[[ Provided entries, beginning ]]

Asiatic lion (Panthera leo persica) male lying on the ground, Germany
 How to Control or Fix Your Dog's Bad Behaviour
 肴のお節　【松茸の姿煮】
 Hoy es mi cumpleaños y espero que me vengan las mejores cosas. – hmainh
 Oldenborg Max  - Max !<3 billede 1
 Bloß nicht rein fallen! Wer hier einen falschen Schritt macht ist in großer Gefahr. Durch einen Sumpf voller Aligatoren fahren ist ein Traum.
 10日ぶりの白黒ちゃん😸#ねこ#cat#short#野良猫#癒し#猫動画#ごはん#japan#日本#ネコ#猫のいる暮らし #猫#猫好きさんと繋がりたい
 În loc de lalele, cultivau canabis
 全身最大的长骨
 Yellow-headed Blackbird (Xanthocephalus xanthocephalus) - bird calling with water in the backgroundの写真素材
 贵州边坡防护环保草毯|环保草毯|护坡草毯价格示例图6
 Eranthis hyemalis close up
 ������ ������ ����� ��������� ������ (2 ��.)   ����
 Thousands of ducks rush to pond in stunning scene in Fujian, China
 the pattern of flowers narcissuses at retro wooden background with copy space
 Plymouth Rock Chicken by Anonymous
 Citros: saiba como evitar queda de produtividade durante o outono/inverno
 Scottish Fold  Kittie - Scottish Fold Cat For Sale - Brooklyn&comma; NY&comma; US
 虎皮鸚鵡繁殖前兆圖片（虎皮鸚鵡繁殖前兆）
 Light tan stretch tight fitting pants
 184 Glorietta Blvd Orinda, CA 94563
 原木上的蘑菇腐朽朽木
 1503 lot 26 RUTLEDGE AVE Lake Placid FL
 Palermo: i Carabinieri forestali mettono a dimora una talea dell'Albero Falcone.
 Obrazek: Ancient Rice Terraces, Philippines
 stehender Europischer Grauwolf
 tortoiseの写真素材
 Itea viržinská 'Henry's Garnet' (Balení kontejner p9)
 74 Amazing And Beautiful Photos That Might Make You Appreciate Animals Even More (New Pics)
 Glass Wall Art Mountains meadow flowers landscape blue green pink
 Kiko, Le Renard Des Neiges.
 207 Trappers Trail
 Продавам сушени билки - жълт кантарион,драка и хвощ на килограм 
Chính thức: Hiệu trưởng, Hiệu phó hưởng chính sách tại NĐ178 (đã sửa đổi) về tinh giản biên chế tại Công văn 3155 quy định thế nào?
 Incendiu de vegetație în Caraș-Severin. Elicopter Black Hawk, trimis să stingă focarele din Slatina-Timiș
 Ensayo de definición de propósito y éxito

[[ Provided entries, end ]]

◆ What you should do: Would you print, exactly as written, every line above from the one holding "Yellow-headed Blackbird (Xanthocephalus" through the one holding "74 Amazing And", with both included and no other lines?

◆ Exercise response:
 Yellow-headed Blackbird (Xanthocephalus xanthocephalus) - bird calling with water in the backgroundの写真素材
 贵州边坡防护环保草毯|环保草毯|护坡草毯价格示例图6
 Eranthis hyemalis close up
 ������ ������ ����� ��������� ������ (2 ��.)   ����
 Thousands of ducks rush to pond in stunning scene in Fujian, China
 the pattern of flowers narcissuses at retro wooden background with copy space
 Plymouth Rock Chicken by Anonymous
 Citros: saiba como evitar queda de produtividade durante o outono/inverno
 Scottish Fold  Kittie - Scottish Fold Cat For Sale - Brooklyn&comma; NY&comma; US
 虎皮鸚鵡繁殖前兆圖片（虎皮鸚鵡繁殖前兆）
 Light tan stretch tight fitting pants
 184 Glorietta Blvd Orinda, CA 94563
 原木上的蘑菇腐朽朽木
 1503 lot 26 RUTLEDGE AVE Lake Placid FL
 Palermo: i Carabinieri forestali mettono a dimora una talea dell'Albero Falcone.
 Obrazek: Ancient Rice Terraces, Philippines
 stehender Europischer Grauwolf
 tortoiseの写真素材
 Itea viržinská 'Henry's Garnet' (Balení kontejner p9)
 74 Amazing And Beautiful Photos That Might Make You Appreciate Animals Even More (New Pics)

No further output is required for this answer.